Allentown is an unincorporated community in Tazewell County, Illinois, United States. Allentown is in the Tremont Township, though it is closer to Mackinaw than to Tremont. Allentown is 2.5 mi northwest of Mackinaw and 6 mi northeast of Tremont.

==History==
The community derives its name from one Edward James Allen (1810–1889). The name “Allentown” first appears on the Tremont Township plat map found in the 1891 Tazewell County atlas. According to local lore, Mr. Allen had made up the name "Allentown" in 1873 in order to appease the railroad shipping clerk who required each cattle stop to be named. Allentown was a station of the Illinois Terminal Railroad interurban system for a number of years.

A plat map in the 1864 Tazewell County atlas indicates that a country school house was located near the center of Allentown. A plat map in the 1873 Tazewell County atlas shows that same school as the township's School House No. 3. According to locals, the location of the school was changed several times from 1873 to 1946 when the final school house building was destroyed by a fire.

A store and post office was established at Allentown in 1879, and remained in operation until 1955.
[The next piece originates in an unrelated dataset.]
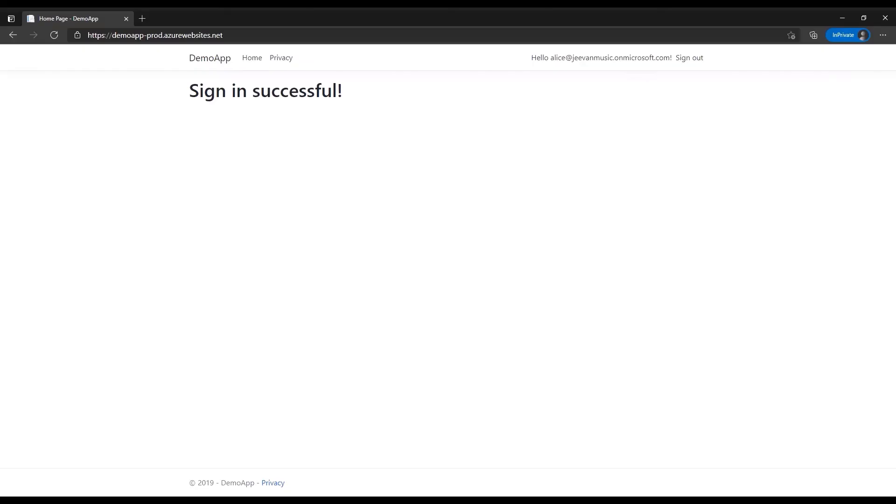Another instance where this error is encountered is when developers use reply URL starting with localhost in their local machines while developing the application and misses adding that reply URL in the allow list in the Azure portal.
In the year 1892 residents of Allentown built a community hall, called the Allentown Union Hall, where community celebrations, church services, club meetings, local elections, and performances by traveling musicians and vaudevillians were held.

The hall was added to the National Register of Historic Places on August 12, 1988.

==Geography==
Allentown is located at (40.555833, -89.396667).

==Demographics==
Since Allentown is an unincorporated community, the official population is not known. However, Allentown is made up of approximately 24 houses, which gives an unofficial population somewhere between 50 and 100.